Поэтому любимое искусство пения, к которому она чувствовала истинное призвание, после замужества в род Иргизбай стало ей не в радость, а в горе. Однажды она попросила мужа, чтобы он больше не просил ее петь. Абай знал причину столь странной просьбы, высказанной со слезами на глазах.
Жалея свою любимую разумную жену, он старался больше не навлекать на Айгерим неприятностей. Но в душе он мучился тем, что, зная о большом таланте жены, он невольно помогает зарыть его в землю.
Он хотел принести ей хоть какое-то утешение, и вскоре она стала охотно внимать ему. Оставшись наедине, они садились напротив, и она с огромным наслаждением слушала его сочинения или исполнение Абаем известных в степи кюев. В такие мгновения жизни музыка приводила их любящие души к волшебному слиянию. В один из таких вечеров, глухой зимою в душном зимнике, где-то очень близко от старых родителей, в минуту, когда Абай закончил игру продолжительного, сложного кюя, Айгерим, словно неслышно охнув, бросилась лицом к нему на колени. Абай отложил домбру в сторону и, осторожно приподняв ее за плечи, спросил:
- Айналайын, Айгерим, что с тобою, любимая? - Обняв жену одной рукою за шею и приблизив свое лицо к ее лицу, он вдруг увидел, что ее глаза полны слез.
И тогда он произнес горькие, беспощадные обвинения против себя:
- Да, я знаю, что ты была соловьем! Ты пела - тебе бы всегда петь соловьем, на весь белый свет, всему живому миру на радость! Тебе бы петь перед истинными ценителями, всех приводя в восхищение! А вместо этого я, тот еще безумец, поймал соловья и запер в золотую клетку! Ты стала пленницей Иргизбая! Я вместе со своим аулом оказался душителем твоей песни, тюремщиком твоего редкого дара!

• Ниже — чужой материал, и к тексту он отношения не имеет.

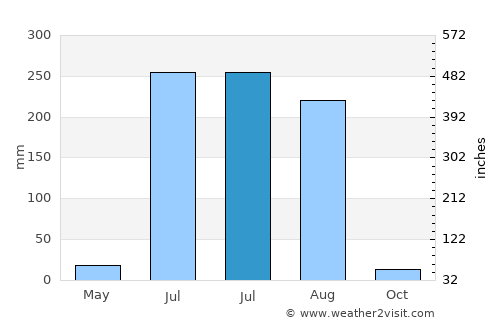 Sirhind average rain in July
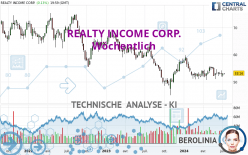 REALTY INCOME CORP. - Wöchentlich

И вот сегодня плененный соловей тихо изливал свое горе, скрытый в тихом уголке своей невольничьей клетки. Мелодии «Карагоз» она придавала разные новые оттенки, ведя ее по новым утонченным и дивным путям. В Айгерим, кроме ее необыкновенного голоса, обнаружился музыкант, способный творить новые мелодии и обогащать уже существующие. В песне, которую она пела над уснувшим ребенком, слышались ее и только ее душевные переживания. Она переводила в измененный напев свои чувства - материнской нежности, тревоги за маленького ребенка, спящего возле ее груди, и была в пении ее боль за свою судьбу, и тревога за самого Абая, и признание в великой любви к нему. Абай слушал ее, забыв обо всем на свете.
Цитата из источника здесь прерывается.